Data for this exercise –

• • • •

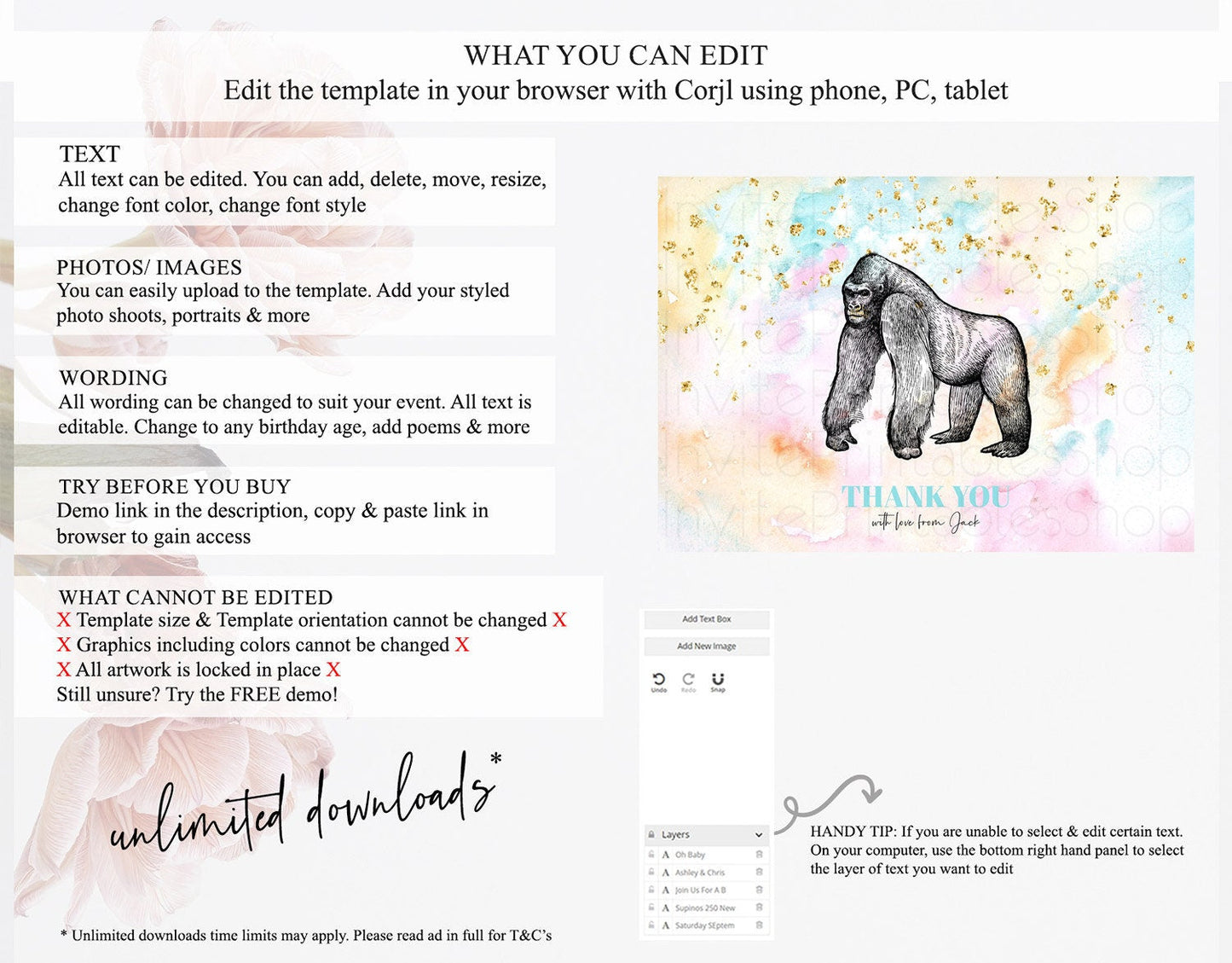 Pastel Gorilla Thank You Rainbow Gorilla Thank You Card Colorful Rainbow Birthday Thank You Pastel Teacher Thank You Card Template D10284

• • • •

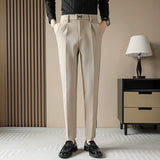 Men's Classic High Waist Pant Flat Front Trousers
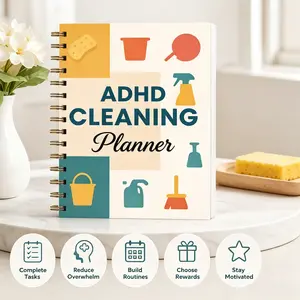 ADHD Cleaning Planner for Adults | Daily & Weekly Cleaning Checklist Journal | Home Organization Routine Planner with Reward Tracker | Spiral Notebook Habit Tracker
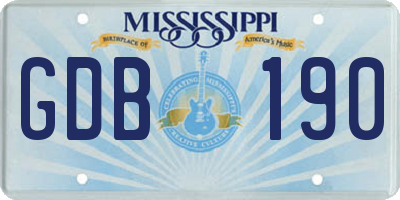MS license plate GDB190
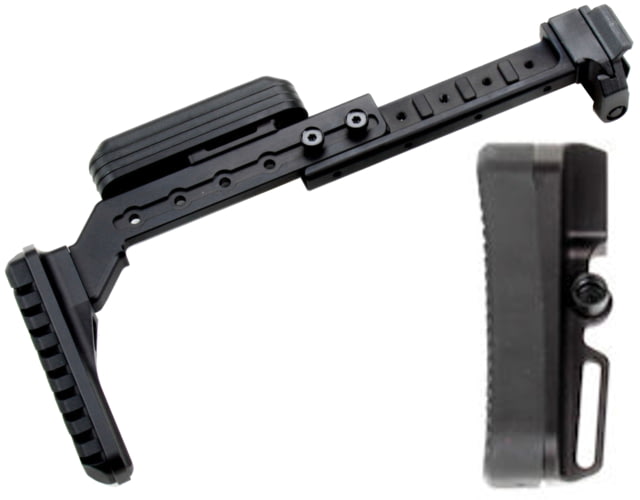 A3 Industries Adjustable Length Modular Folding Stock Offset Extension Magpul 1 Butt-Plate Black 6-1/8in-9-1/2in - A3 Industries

• • • •

What you should do – All lines above starting at the one with "MS license plate GDB190" and ending at the one with "A3 Industries Adjustable", inclusive, are to be printed again exactly, with the pictures left out.

Finished task –
MS license plate GDB190
 A3 Industries Adjustable Length Modular Folding Stock Offset Extension Magpul 1 Butt-Plate Black 6-1/8in-9-1/2in - A3 Industries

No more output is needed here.